Jacksonville Fire Dept. expansion on ballot
JACKSONVILLE — Voters will decide May 18 whether they want to increase the size of the town's fire department.
A measure on the ballot would cap the public safety surcharge but add a property tax levy that would more than double the cost of fire and emergency medical service for some property owners.
The City Council placed the measure on the ballot after several years of discussion about how to fund those services and how many people should be employed to staff them. Property owners now pay a $20 monthly surcharge, which city officials say is inadequate to support the 4.5-person department. Department reserves are used to make up the shortfall.
Passage of the measure would create an eight-person fire department, lock in the current surcharge for five years and initiate a tax levy estimated at $1.29 for each $1,000 of assessed valuation. If passed, the measure would take effect in July.
An owner of a home valued at $200,000 would pay $258 per year through the levy and $240 for the surcharge for a total cost of $498 per year. Presently, the same homeowner pays the $20 per month surcharge, or $240 annually.
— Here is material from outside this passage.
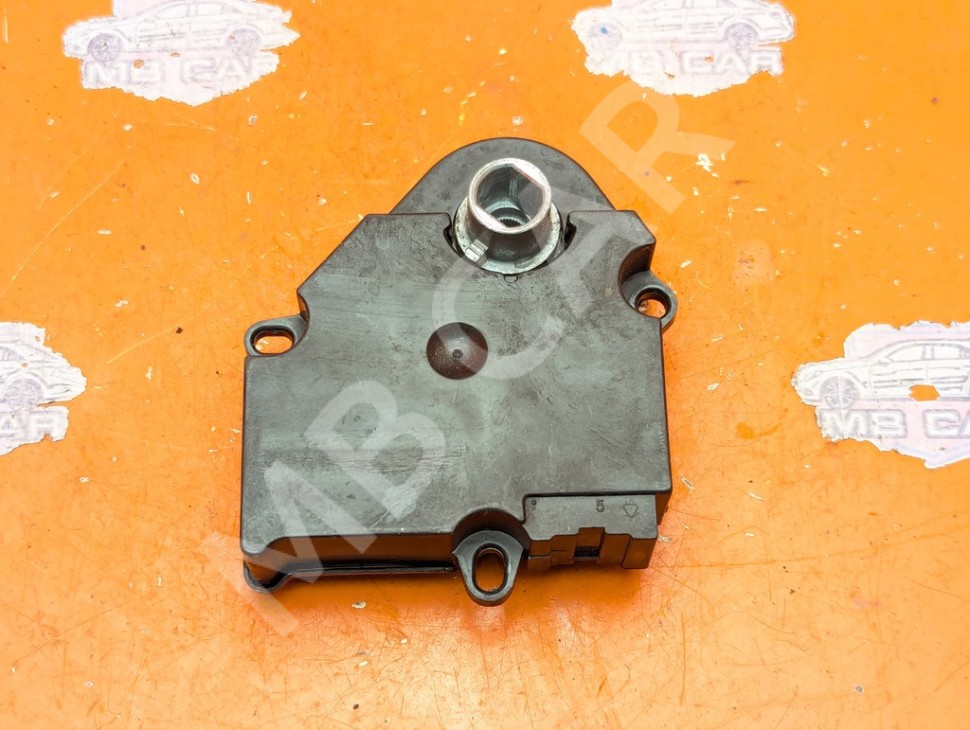 Сервоприводы печки MERCEDES-BENZ M-класс W163 (1997 - 2001) фото 1 &mdash; Разборка Мерседес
A majority of department calls are for emergency medical services. Additional personnel would cut response times and increase the number of calls the department can handle. Neighboring emergency service agencies provide backup during busy times.
City residents such as Russ Kennedy oppose the measure.
"My thought is that every government entity — city, county, state and federal — should be ... reducing costs and head count and salaries," Kennedy said. "If they want to increase costs in certain departments, such as the fire department, they ought to be reducing costs in other departments to compensate."
Kennedy said adding staff would add about $200,000 in annual payroll costs while noting that levy alone will raise $420,000 per year.
He rates medical response as good.
"I respect their desire to have an A-plus service rating, but a B-minus is adequate," said Kennedy.
Others, such as Art Krueger, support the levy.
"At this point, I feel it's essential that it pass," said Krueger. "We do not have other choices, but we need to consider it a temporary fix."
Krueger said the need to go to a vote on the issue is a red-flag warning about past management and decision-making, but he still supports the levy. Changes in rules and regulations require more sophisticated training for firefighters, but the city missed grants to fund the training and did not take care of essentials, he said.
Should the measure fail, the City Council could decide to increase the surcharge. The fee would need to increase to $31 per month ($372 annually) to support the department. To fund an eight-person department, the charge would need to go to $45 per month ($540 annually).
City officials considered joining Jackson County Fire District No. 3, which already includes Central Point, Eagle Point, White City, Gold Hill and neighboring rural areas. The fire district rejected that option in July 2009, saying it would not be economical.
The City Council in January proposed an 11-person fire department, but scaled back that idea after citizens opposed the cost. Only fire services are financed with the surcharge.
The measure does not address the need for a new fire station. The existing building would not be safe in the event of an earthquake.